Clemson University’s Center for Workforce Development (CUCWD-CA2VES) recently presented at the 2018 Next Steps Institute in Colorado Springs, CO. The conference, hosted by South Carolina’s Coalition for Mathematics & Science (SCCMS) and the Smithsonian Science Education Center, brings together leaders in education, technology, and teaching to learn and share best practices in STEM. This year, Next Steps Institute focused on how to make STEM learning more equitable in addition to developing STEM best practices, building STEM infrastructure, and engineering a STEM workforce pipeline.

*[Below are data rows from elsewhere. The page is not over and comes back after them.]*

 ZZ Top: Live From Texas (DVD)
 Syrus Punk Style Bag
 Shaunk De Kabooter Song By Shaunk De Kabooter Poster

CUCWD-CA2VES presented Making STEM Learning More Accessible which explored how a lack of equitable access to STEM learning prevents many students from entering a STEM career. Despite STEM careers showing one of the best areas of job growth with the best paying jobs, underrepresented groups such as women, African-Americans, Latinx, and American Indian youth lag significantly behind white men in entering STEM fields. Many of these students attend schools that do not provide the math and science skills they need as indicated by continued decline in standardized math and science scores. While a variety of factors contribute to this disparity including family and school culture and lack of resources, the key indicator driving this divide are teacher expectations of students and their performance.
After making the case for why access to STEM learning is inequitable, CUCWD-CA2VES used the rest of the session to encourage attendees to address inequity in STEM education using the five design principles for STEM learning. Attendees worked in groups to practice incorporating equitable design principles into their STEM learning projects so that by the end of the salon session, they had begun thinking about how to address inequitable access to STEM learning in their own learning setting.
The 2018 Next Steps Institute: The Next Steps for STEM Learning and Leadership conference helped CUCWD-CA2VES think more deeply about inequity in STEM learning. It challenged our organization to consider how we can use our organization to provide better access to STEM learning for all students.